Schmidt A, Hennighausen L, Siebenlist U
Laboratory of Immunoregulation, National Institute of Allergy and Infectious Diseases, Bethesda, Maryland 20892.
J Virol. 1990 Aug;64(8):4037-41. doi: 10.1128/JVI.64.8.4037-4041.1990.
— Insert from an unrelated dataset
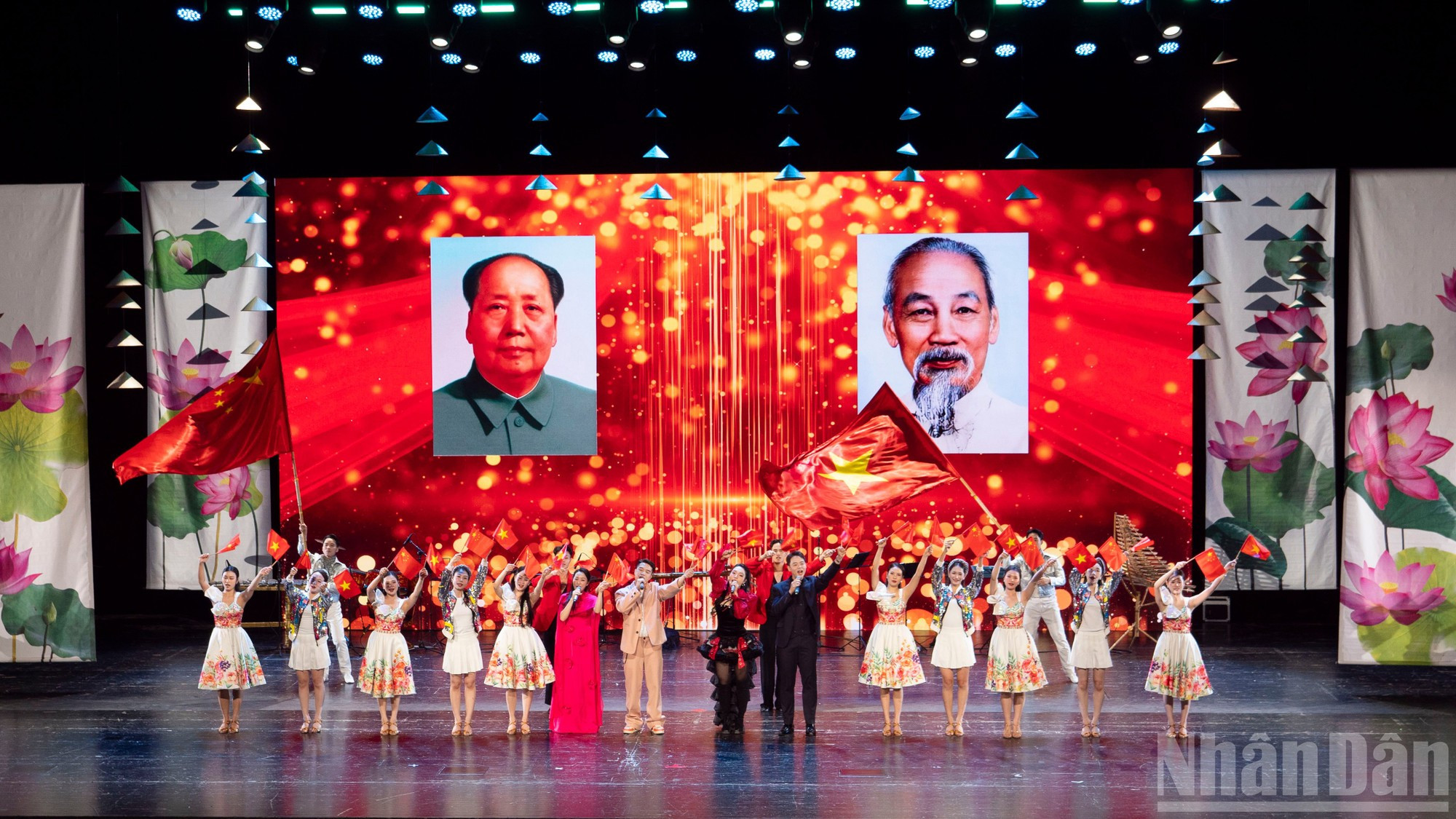 Clausuran Año de Intercambio Humanístico Vietnam-China 2025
Cyclosporin A (CsA) is thought to exert its immunosuppressive effects by inhibiting the expression of a distinct set of lymphokine genes which are induced upon T-cell activation, among them the gene coding for interleukin-2. In addition, the activation of the human immunodeficiency virus (HIV) is partially suppressed. To better understand the molecular mechanisms underlying suppression by CsA, we have investigated the effects of this drug on transcription factors in T cells. Here we report that the formation of two distinct mitogen-inducible DNA-binding complexes, the kappa B complex within the HIV enhancer and the NFAT-1 complex within the interleukin-2 enhancer, is inhibited in the presence of CsA. The kappa B-binding activity with the HIV enhancer is inhibited only if it is activated via the mitogen phytohemagglutinin whereas phorbol myristate acetate-mediated activation is completely insensitive to the drug. This suggests a model in which functionally indistinguishable kappa B complexes can be activated via two separate pathways of signal transduction distinguishable by CsA.
环孢素A(CsA)被认为通过抑制一组特定的淋巴因子基因的表达来发挥其免疫抑制作用,这些基因在T细胞活化时被诱导,其中包括编码白细胞介素-2的基因。此外,人类免疫缺陷病毒(HIV)的激活也受到部分抑制。为了更好地理解CsA抑制作用的分子机制,我们研究了这种药物对T细胞中转录因子的影响。在此我们报告,在CsA存在的情况下,两种不同的丝裂原诱导性DNA结合复合物的形成受到抑制,即HIV增强子内的κB复合物和白细胞介素-2增强子内的NFAT-1复合物。只有当HIV增强子的κB结合活性通过丝裂原植物血凝素激活时才会被抑制,而佛波酯肉豆蔻酸酯介导的激活对该药物完全不敏感。这提示了一个模型,即功能上难以区分的κB复合物可以通过两条可被CsA区分的信号转导途径被激活。